● EXERCISE GOAL
Of all the lines in the entries below, give again exactly those starting at the line containing "Kabid Humas Polda" and ending at the line containing "Sala 1 de casa", both ends included, and no others.

● DATA EXTRACTS

Content starts

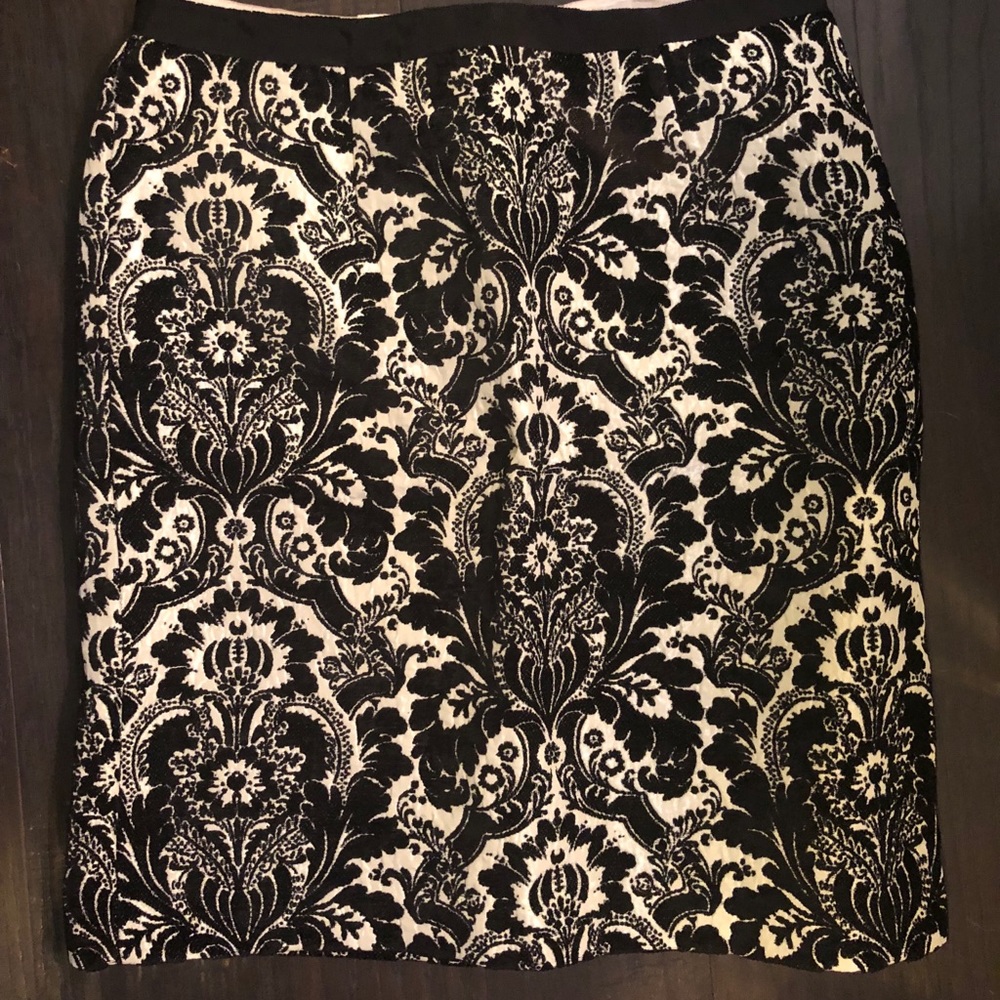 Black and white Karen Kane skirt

Content ends
Content starts

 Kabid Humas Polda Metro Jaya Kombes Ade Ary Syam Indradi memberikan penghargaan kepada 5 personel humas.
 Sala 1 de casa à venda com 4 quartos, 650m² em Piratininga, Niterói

Content ends
Content starts

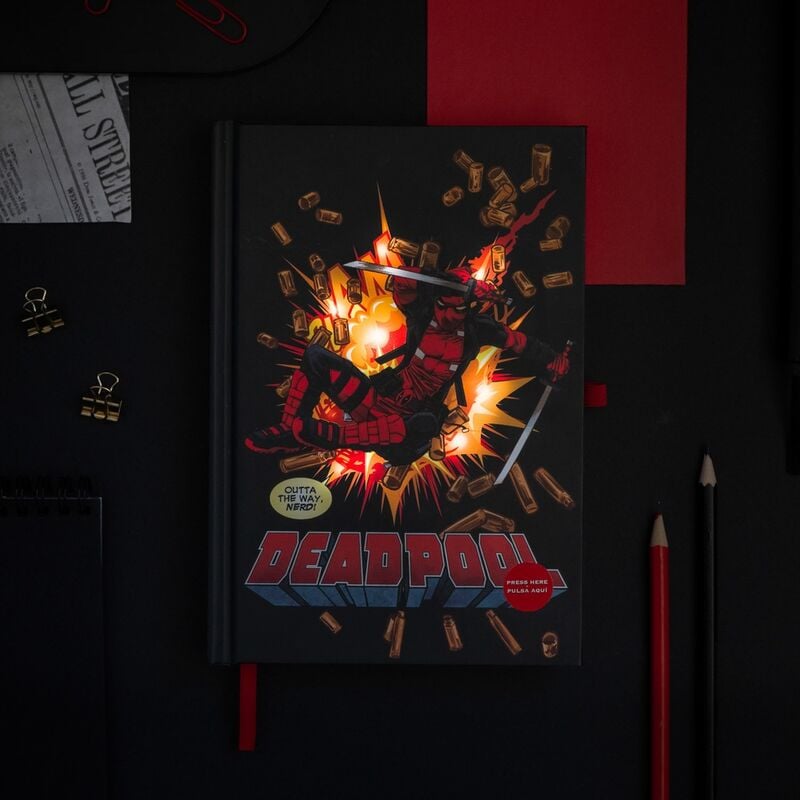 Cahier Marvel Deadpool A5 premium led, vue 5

Content ends

● SOLUTION FOR THIS EXERCISE
 Kabid Humas Polda Metro Jaya Kombes Ade Ary Syam Indradi memberikan penghargaan kepada 5 personel humas.
 Sala 1 de casa à venda com 4 quartos, 650m² em Piratininga, Niterói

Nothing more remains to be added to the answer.